§ **Exercise**
Set the data down once more, exactly as it is written.

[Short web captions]
=-=-=

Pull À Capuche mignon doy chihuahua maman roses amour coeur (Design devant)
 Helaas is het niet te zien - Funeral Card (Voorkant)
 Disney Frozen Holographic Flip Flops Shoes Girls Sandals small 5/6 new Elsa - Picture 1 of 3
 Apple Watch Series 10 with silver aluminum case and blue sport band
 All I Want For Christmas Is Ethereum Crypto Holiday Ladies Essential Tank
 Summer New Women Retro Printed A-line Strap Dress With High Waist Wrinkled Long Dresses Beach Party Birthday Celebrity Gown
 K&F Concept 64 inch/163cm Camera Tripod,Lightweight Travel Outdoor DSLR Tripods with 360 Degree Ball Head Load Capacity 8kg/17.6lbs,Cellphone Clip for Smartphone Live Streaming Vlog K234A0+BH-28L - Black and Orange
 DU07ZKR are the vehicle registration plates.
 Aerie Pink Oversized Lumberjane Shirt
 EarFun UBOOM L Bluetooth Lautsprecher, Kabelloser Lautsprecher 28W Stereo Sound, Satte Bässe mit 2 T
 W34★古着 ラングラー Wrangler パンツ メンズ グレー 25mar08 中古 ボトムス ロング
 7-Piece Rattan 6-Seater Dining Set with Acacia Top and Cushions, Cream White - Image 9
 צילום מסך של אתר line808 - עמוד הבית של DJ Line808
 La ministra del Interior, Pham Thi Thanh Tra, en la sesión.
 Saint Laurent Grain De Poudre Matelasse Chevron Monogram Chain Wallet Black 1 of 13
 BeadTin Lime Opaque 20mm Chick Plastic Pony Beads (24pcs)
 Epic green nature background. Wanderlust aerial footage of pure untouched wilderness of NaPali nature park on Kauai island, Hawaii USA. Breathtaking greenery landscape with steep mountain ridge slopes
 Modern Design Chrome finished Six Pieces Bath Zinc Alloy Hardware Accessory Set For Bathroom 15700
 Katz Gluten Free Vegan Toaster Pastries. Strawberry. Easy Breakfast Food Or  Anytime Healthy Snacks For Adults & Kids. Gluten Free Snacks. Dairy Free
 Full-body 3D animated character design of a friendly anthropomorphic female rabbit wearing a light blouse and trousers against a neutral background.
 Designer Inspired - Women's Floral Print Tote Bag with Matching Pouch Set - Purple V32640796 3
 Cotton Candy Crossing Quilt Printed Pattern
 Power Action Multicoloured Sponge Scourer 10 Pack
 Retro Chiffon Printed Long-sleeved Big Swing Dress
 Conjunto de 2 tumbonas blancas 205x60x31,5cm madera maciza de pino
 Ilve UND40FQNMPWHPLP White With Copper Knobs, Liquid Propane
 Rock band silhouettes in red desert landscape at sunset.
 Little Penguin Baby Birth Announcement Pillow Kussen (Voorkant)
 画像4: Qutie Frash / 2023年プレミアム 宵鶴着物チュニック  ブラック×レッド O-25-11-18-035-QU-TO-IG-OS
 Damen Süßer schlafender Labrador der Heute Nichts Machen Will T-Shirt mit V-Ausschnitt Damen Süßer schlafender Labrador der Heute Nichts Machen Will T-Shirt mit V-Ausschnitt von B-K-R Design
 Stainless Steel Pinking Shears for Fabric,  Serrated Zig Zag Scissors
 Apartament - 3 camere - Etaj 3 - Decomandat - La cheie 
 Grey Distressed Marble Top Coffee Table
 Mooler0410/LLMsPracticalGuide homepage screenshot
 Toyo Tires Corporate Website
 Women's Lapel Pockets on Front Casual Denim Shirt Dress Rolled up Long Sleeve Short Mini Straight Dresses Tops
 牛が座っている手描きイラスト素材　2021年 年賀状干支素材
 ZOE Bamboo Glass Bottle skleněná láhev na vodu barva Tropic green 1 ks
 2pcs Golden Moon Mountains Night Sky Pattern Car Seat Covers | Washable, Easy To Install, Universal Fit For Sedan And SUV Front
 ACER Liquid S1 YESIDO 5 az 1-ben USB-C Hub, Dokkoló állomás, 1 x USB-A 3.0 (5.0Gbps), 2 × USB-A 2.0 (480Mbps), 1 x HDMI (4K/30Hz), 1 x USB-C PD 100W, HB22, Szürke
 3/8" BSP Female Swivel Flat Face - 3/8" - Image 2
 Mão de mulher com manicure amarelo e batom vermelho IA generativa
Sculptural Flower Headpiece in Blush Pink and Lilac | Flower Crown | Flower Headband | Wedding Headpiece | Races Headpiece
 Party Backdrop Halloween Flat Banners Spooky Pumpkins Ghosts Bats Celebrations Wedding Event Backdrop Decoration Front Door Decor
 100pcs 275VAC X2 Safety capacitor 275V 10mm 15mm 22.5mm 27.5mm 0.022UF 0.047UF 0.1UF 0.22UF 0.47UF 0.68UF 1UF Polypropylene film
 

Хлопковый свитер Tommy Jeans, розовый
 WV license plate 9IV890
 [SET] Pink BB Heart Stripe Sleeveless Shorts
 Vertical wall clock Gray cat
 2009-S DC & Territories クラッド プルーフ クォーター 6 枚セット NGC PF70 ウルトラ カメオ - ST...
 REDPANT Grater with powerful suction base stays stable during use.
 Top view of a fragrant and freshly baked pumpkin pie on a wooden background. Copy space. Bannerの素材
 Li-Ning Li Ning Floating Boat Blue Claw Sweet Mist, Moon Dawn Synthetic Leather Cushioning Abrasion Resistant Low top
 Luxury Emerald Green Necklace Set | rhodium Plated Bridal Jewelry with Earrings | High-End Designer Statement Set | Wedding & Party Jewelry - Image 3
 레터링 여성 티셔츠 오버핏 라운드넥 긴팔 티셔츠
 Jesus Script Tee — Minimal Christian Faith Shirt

=-=-=

§ **Result for this task**
Pull À Capuche mignon doy chihuahua maman roses amour coeur (Design devant)
 Helaas is het niet te zien - Funeral Card (Voorkant)
 Disney Frozen Holographic Flip Flops Shoes Girls Sandals small 5/6 new Elsa - Picture 1 of 3
 Apple Watch Series 10 with silver aluminum case and blue sport band
 All I Want For Christmas Is Ethereum Crypto Holiday Ladies Essential Tank
 Summer New Women Retro Printed A-line Strap Dress With High Waist Wrinkled Long Dresses Beach Party Birthday Celebrity Gown
 K&F Concept 64 inch/163cm Camera Tripod,Lightweight Travel Outdoor DSLR Tripods with 360 Degree Ball Head Load Capacity 8kg/17.6lbs,Cellphone Clip for Smartphone Live Streaming Vlog K234A0+BH-28L - Black and Orange
 DU07ZKR are the vehicle registration plates.
 Aerie Pink Oversized Lumberjane Shirt
 EarFun UBOOM L Bluetooth Lautsprecher, Kabelloser Lautsprecher 28W Stereo Sound, Satte Bässe mit 2 T
 W34★古着 ラングラー Wrangler パンツ メンズ グレー 25mar08 中古 ボトムス ロング
 7-Piece Rattan 6-Seater Dining Set with Acacia Top and Cushions, Cream White - Image 9
 צילום מסך של אתר line808 - עמוד הבית של DJ Line808
 La ministra del Interior, Pham Thi Thanh Tra, en la sesión.
 Saint Laurent Grain De Poudre Matelasse Chevron Monogram Chain Wallet Black 1 of 13
 BeadTin Lime Opaque 20mm Chick Plastic Pony Beads (24pcs)
 Epic green nature background. Wanderlust aerial footage of pure untouched wilderness of NaPali nature park on Kauai island, Hawaii USA. Breathtaking greenery landscape with steep mountain ridge slopes
 Modern Design Chrome finished Six Pieces Bath Zinc Alloy Hardware Accessory Set For Bathroom 15700
 Katz Gluten Free Vegan Toaster Pastries. Strawberry. Easy Breakfast Food Or  Anytime Healthy Snacks For Adults & Kids. Gluten Free Snacks. Dairy Free
 Full-body 3D animated character design of a friendly anthropomorphic female rabbit wearing a light blouse and trousers against a neutral background.
 Designer Inspired - Women's Floral Print Tote Bag with Matching Pouch Set - Purple V32640796 3
 Cotton Candy Crossing Quilt Printed Pattern
 Power Action Multicoloured Sponge Scourer 10 Pack
 Retro Chiffon Printed Long-sleeved Big Swing Dress
 Conjunto de 2 tumbonas blancas 205x60x31,5cm madera maciza de pino
 Ilve UND40FQNMPWHPLP White With Copper Knobs, Liquid Propane
 Rock band silhouettes in red desert landscape at sunset.
 Little Penguin Baby Birth Announcement Pillow Kussen (Voorkant)
 画像4: Qutie Frash / 2023年プレミアム 宵鶴着物チュニック  ブラック×レッド O-25-11-18-035-QU-TO-IG-OS
 Damen Süßer schlafender Labrador der Heute Nichts Machen Will T-Shirt mit V-Ausschnitt Damen Süßer schlafender Labrador der Heute Nichts Machen Will T-Shirt mit V-Ausschnitt von B-K-R Design
 Stainless Steel Pinking Shears for Fabric,  Serrated Zig Zag Scissors
 Apartament - 3 camere - Etaj 3 - Decomandat - La cheie 
 Grey Distressed Marble Top Coffee Table
 Mooler0410/LLMsPracticalGuide homepage screenshot
 Toyo Tires Corporate Website
 Women's Lapel Pockets on Front Casual Denim Shirt Dress Rolled up Long Sleeve Short Mini Straight Dresses Tops
 牛が座っている手描きイラスト素材　2021年 年賀状干支素材
 ZOE Bamboo Glass Bottle skleněná láhev na vodu barva Tropic green 1 ks
 2pcs Golden Moon Mountains Night Sky Pattern Car Seat Covers | Washable, Easy To Install, Universal Fit For Sedan And SUV Front
 ACER Liquid S1 YESIDO 5 az 1-ben USB-C Hub, Dokkoló állomás, 1 x USB-A 3.0 (5.0Gbps), 2 × USB-A 2.0 (480Mbps), 1 x HDMI (4K/30Hz), 1 x USB-C PD 100W, HB22, Szürke
 3/8" BSP Female Swivel Flat Face - 3/8" - Image 2
 Mão de mulher com manicure amarelo e batom vermelho IA generativa
Sculptural Flower Headpiece in Blush Pink and Lilac | Flower Crown | Flower Headband | Wedding Headpiece | Races Headpiece
 Party Backdrop Halloween Flat Banners Spooky Pumpkins Ghosts Bats Celebrations Wedding Event Backdrop Decoration Front Door Decor
 100pcs 275VAC X2 Safety capacitor 275V 10mm 15mm 22.5mm 27.5mm 0.022UF 0.047UF 0.1UF 0.22UF 0.47UF 0.68UF 1UF Polypropylene film
 

Хлопковый свитер Tommy Jeans, розовый
 WV license plate 9IV890
 [SET] Pink BB Heart Stripe Sleeveless Shorts
 Vertical wall clock Gray cat
 2009-S DC & Territories クラッド プルーフ クォーター 6 枚セット NGC PF70 ウルトラ カメオ - ST...
 REDPANT Grater with powerful suction base stays stable during use.
 Top view of a fragrant and freshly baked pumpkin pie on a wooden background. Copy space. Bannerの素材
 Li-Ning Li Ning Floating Boat Blue Claw Sweet Mist, Moon Dawn Synthetic Leather Cushioning Abrasion Resistant Low top
 Luxury Emerald Green Necklace Set | rhodium Plated Bridal Jewelry with Earrings | High-End Designer Statement Set | Wedding & Party Jewelry - Image 3
 레터링 여성 티셔츠 오버핏 라운드넥 긴팔 티셔츠
 Jesus Script Tee — Minimal Christian Faith Shirt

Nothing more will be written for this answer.